Exploring User and System Requirements of Linked Data Visualization through a Visual Dashboard Approach

Paper Title: 
Exploring User and System Requirements of Linked Data Visualization through a Visual Dashboard Approach
Authors: 
Suvodeep Mazumdar, Daniela Petrelli, Fabio Ciravegna
Abstract: 
One of the open problems in SemanticWeb research is which tools should be provided to users to explore linked data. This is even more urgent now that massive amount of linked data is being released by governments worldwide. The development of single dedicated visualization applications is increasing, but the problem of exploring unknown linked data to gain a good understanding of what is contained is still open. An effective generic solution must take into account the user’s point of view, their tasks and interaction, as well as the system’s capabilities and the technical constraints the technology imposes.

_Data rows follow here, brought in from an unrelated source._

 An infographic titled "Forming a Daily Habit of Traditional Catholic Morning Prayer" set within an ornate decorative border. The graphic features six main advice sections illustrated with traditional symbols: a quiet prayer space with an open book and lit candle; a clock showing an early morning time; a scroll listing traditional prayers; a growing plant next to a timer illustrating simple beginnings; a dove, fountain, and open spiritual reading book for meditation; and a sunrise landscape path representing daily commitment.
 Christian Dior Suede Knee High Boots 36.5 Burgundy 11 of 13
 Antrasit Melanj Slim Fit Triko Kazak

This paper is a first step in understanding the implications of both, user and system by evaluating our dashboard-based approach. Though we observe a high user acceptance of the dashboard approach, our paper also highlights technical challenges arising out of complexities involving current infrastructure that need to be addressed while visualising linked data. In light of the findings, guidelines for the development of linked data visualization (and manipulation) are provided.
Full PDF Version: 
Submission type: 
Full Paper
Responsible editor: 
Krzysztof Janowicz
Decision/Status: 
Accept
Reviews: 

Review 1 by Christophe Gueret

In this revised version, the authors addressed most of the comments I had with the first submission. I am pleased with the results and suggest accepting this paper after a last set of few details/typo are fixed.

Things to fix:
* There is a confusion between Open Data and Linked Data in the introduction. Despite our efforts not everyone willing to publish open data does it following the linked data guidelines. In fact, most of the open data currently available is not linked data. They mostly reach one or two stars on Tim's 5-star linked data ranking scheme.
* Page 3, for the sake of readability, "JavaScript" should be used instead of "JS".
* Page 7, the resource http://dbpedia.org/ontology/city does not exist. "city" is not defined under the ontology namespace, it is defined as a property.

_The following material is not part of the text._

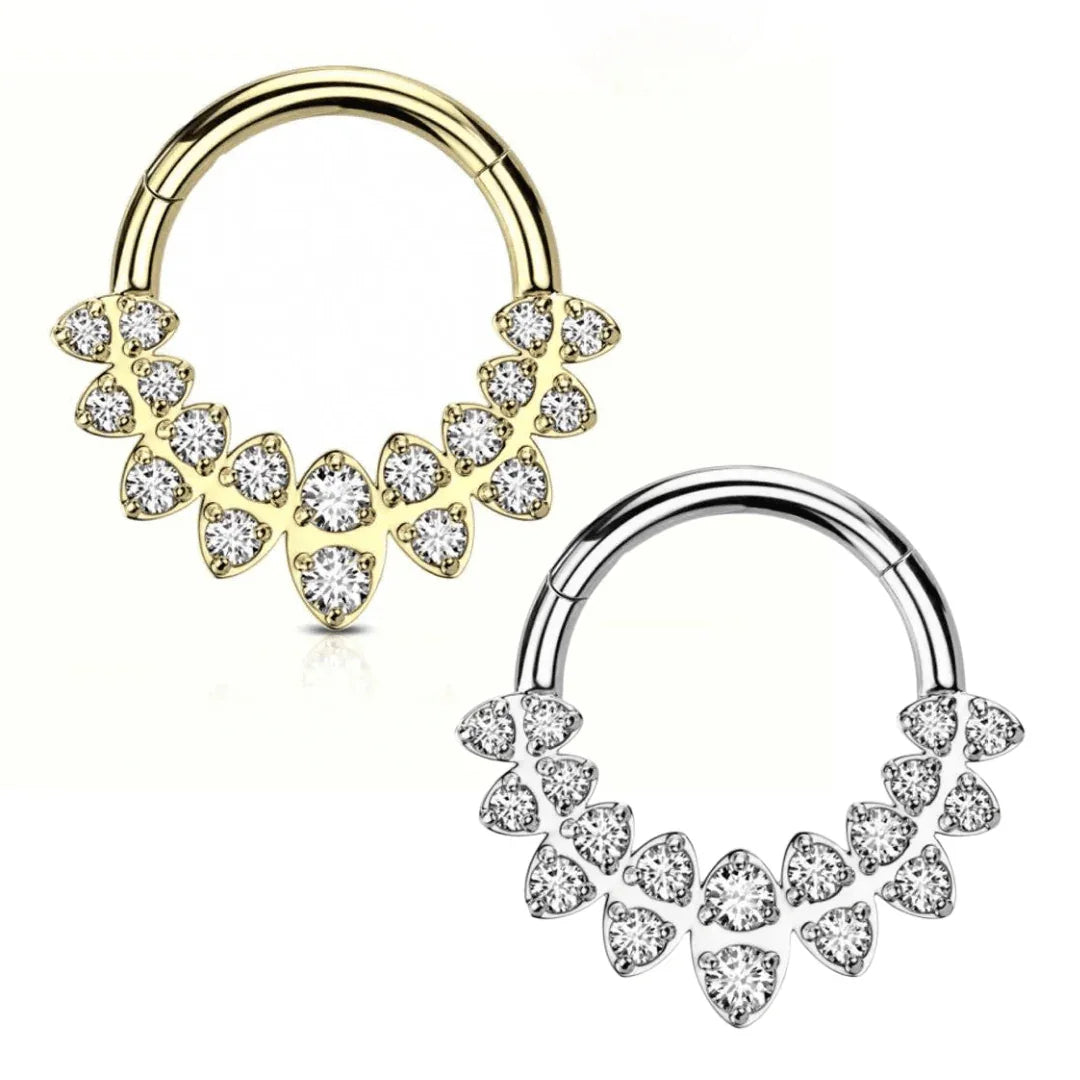 Anello a clicker con brillanti gioia - GIOYAL PIERCING STORE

Review 2 by anonymous reviewer

The authors seem to have addressed sufficiently the issues raised concerning the initial version of the paper.

-

Revised manuscript after an "accept with minor revisions." The reviews for the original submission (under the title "A Visual Dashboard for Linked Data: An Exploration of User and System Requirements") are below.

Review 1 by Christophe Gueret
This paper proposes a visual dashboard to explore data served by a triple store. Compared to other approaches for data exploration, the dashboard metaphor offers several views over the data thereby providing the users with different interpretations of it.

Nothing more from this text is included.